Following an overwhelming strike vote last fall, the UAW pulled the Faurecia workers out on a stunt that lasted just eight hours before forcing them back to work with a sellout contract.

“We had the same problem when we were picketing,” she added. “It was like we were begging them. And we weren’t asking for that much. But they were just not going to care because they are only concerned about their money. They have so much money. Now they are falling short a few millions, and they want us to jump up.

“Oh, now you have a problem. But what about when we needed more money? You didn’t want to work with us at all. But now you want us to work with you. What about all that money that you guys got from the CARES Act? And you are acting like $2 billion is pure loss. So, they are trying to sugar-coat it like, ‘Oh, we lost this much money. So, we only have just a little bit left.’

“The Democrats and Republicans voted for the CARES Act because they want to keep these big companies running. All they care about is the money.

“That money should be used for the workers. We are the most important. They always preach about ‘safety first.’ But that includes the coronavirus. If that means we need to stay home a little bit longer, then that is what we should do.
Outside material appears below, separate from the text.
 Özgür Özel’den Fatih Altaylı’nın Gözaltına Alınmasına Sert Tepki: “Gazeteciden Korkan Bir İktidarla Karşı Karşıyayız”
“The unions do whatever the company calls for because they are bought and paid for. Their interest is in profit. We need to be in charge because we are the ones who are going to work, the ones who know our struggles. We need to be in charge of things. We are the ones who care.”

As the Socialist Equality Party wrote in its statement, Build rank-and-file factory and workplace committees to prevent transmission of the COVID-19 virus and save lives!

This is why workers require their own organizations. In every factory, workplace, and office, workers should organize and elect trusted and respected workers who will represent them. They should utilize all available tools, including social media, to reach out to workers throughout their industry and in other sectors to coordinate their activities and share information.

“All workers should unite,” Sharon said. “A world awareness should be brought among workers so that they can understand that. I feel like we are turning a new leaf. Anything is possible. It is only a matter of time before the workers rebel.”